Marilee, the reason I went to Guam – #3

We were roommates during junior year at the University of Arizona — two young women from very different backgrounds thrust together by the whims of a college admissions office. For at least one of us, that random assignment set the course for everything that would follow.

Marilee was pretty, petite and seemed very sophisticated to me. Her long, blonde hair hung straight and shiny to the middle of her back. She had wide blue eyes and thick lashes that curled up toward her brow. Her skin was flawless.

The daughter of a successful car dealer, she’d grown up in a large house in the town of Brighton, Mich., west of Detroit. Her childhood experiences included travel, expensive dinners at the country club and a motor home her family drove to the lakeside cottage where they spent much of the summer. As soon as she could drive, she had her own car (a new one, of course). Her parents were paying her tuition and living expenses. Her life seemed easy, stable and enviably secure.

Next to her, I felt like the gawky, unattractive poor relative. I was a head taller, heavier and uncomfortable in my own (often blemished) skin. I was on scholarship, work/study and student loans. My only mode of transportation was a bicycle. I didn’t take my first plane trip until the age of 19. My childhood was spent in six different cities in four different states. My family had recently moved to Phoenix, which meant I’d lost the security of a comfortable community to which I could someday return.

Even temperamentally, Marilee and I were very different. I was serious, studious, prone to keeping to myself. She was restless, social, someone who enjoyed parties and going out. I’m not sure why we became good friends, but we did. Maybe because I wanted to be more like her; I saw her as brave and daring in ways I was not. (Now that I am older I recognize that some of her ways — smoking, for example, and eating habits that veered perilously close to an eating disorder — were not examples to admire.)

Perhaps most exotic about Marilee was the fact that she had a boyfriend who was traveling somewhere in South America. Though I don’t remember how she met him (I think he may have been a friend from home), the fact that she had this long-distance romance in her life — with a guy who seemed to be quite an adventurer — intrigued me.

One day, Marilee told me that her boyfriend was moving to Guam, and that he wanted her to go with him.

She thought he was crazy. I thought it sounded wonderful. I offered to help her do some research so that she had some information to shore up her pitch to her family. I went to the university library and pulled everything I could find about Guam.

There wasn’t much, which worried her — and enthralled me.

I was a journalism major and someone who wanted to spend her life telling stories. A place about which little was documented seemed rich with opportunity for someone like me. So I did what I could to shore up Marilee’s confidence.

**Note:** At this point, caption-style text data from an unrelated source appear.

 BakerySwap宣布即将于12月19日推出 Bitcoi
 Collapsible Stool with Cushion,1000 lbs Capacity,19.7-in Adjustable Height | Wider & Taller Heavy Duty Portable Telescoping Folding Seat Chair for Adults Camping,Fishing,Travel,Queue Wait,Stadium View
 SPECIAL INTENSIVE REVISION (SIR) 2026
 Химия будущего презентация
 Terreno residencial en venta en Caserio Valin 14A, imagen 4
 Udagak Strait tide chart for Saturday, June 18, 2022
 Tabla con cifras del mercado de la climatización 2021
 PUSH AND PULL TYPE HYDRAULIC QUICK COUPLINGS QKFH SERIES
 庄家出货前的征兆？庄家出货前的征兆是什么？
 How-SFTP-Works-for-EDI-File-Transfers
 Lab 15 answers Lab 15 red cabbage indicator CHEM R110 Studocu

Then she asked me to go with her. When she pitched the concept to her parents, she used the fact that I would be with her to win them over.

To be an entrepreneur, I’ve often heard, is to be an inherent risk-taker. I think of myself an inherent risk-follower. Marilee and I did move to Guam, and so did her boyfriend. They didn’t like it as much as they’d expected and they quickly transferred to the University of Hawaii. I had spent every bit of my savings to get out there and had no financial safety net to give me options.

When Marilee and her boyfriend left the island, I was stuck. But it ended up being the best thing that ever happened to me.

Thanks to Marilee, I took the biggest risk of my life. When it didn’t work out the way I’d expected, I had to make it work. Which I did. And that ended up being the greatest gift of my lifetime: the certainty that, no matter what happens, I can get through it. — Karen


On Jan. 2 of this new decade, I launched a project called “1,000 People to Thank Before I Die.” It is my version of a “bucket list” — an attempt to acknowledge the people who have guided and influenced my life before I lose the opportunity to do so — and was inspired by the book 1,000 Places to See Before I Die.